Another Step Towards Unbreakable Quantum Encryption

Long-distance relay proves concept of foolproof security using entangled photons

A group of European scientists succeeded in beaming an encryption code based on photons across about 90 miles of ocean. The experiment took place recently in the Canary Islands, from a light source on the island of La Palma to a receiving station on nearby Tenerife. The researchers published their exploits in this month's issue of the academic journal Nature Physics.

According to the European Space Agency, which funded the study, the experiment allows ESA to move closer to harnessing entanglement as a means of "communicating with satellites with total security."

Entanglement is an unusual property of quantum mechanics used to describe the manner in which photons naturally interact with each other. Using a non-linear process called Spontaneous Parametric Down Conversion (SPDC), it is even possible to directly create pairs of entangled photons. These entangled photons lend themselves to encryption applications because of their unique linkage. If one photon is exposed to a third particle, both of the paired photons will change their state instantaneously -- even though one of the photons is physically separated from its mate.

The degree of change in the state of the paired photons is completely random and unpredictable, according to ESA, theoretically foiling any attempt by a third party to decode the message without actually intercepting the quantum encryption key. However, the very act of detecting the photons would change the state of the photon pair, betraying the presence of an eavesdropper. "These changes would be obvious to the legitimate receiving station and the presence of the eavesdropper would be instantly detected," ESA wrote in its official announcement of the experiment's success. "Such behavior has the potential to allow messages to be swapped with complete confidence."
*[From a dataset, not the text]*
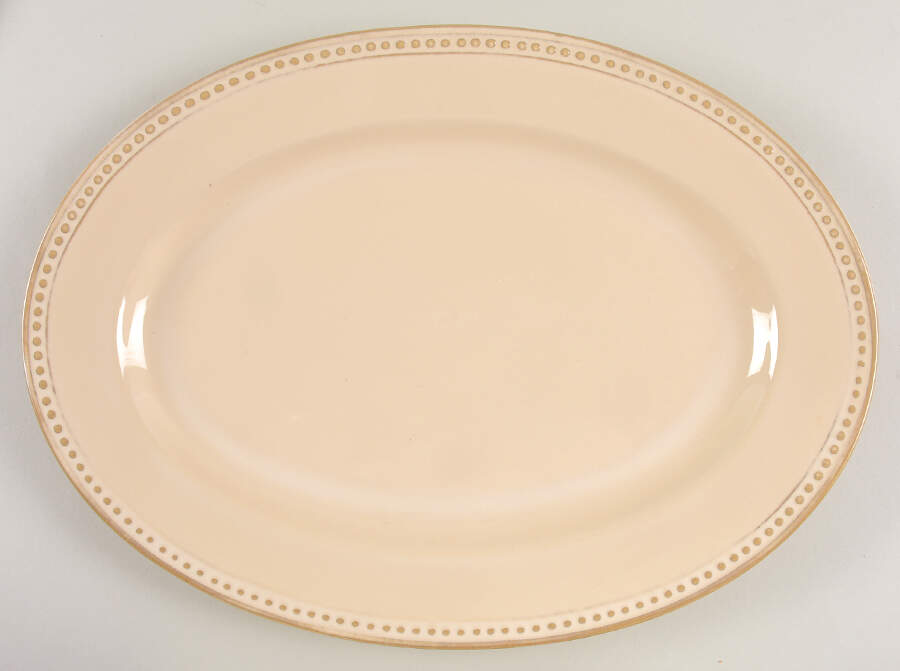 Beaded Cream 14" Oval Serving Platter by Home-1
Prior to the inter-island experiment, it was not known whether entanglement would be adversely affected when the beam of entangled photons was transmitted through the atmosphere over a considerable distance. The favorable results of the experiment have given the space agency confidence that entanglement does not decay over long distances, indicating that quantum encryption can be harnessed for securing satellite communications.

Possible applications for the unbreakable code might include transmissions of financial data between banks, military communications and even the distribution of feature films, according to ESA officials.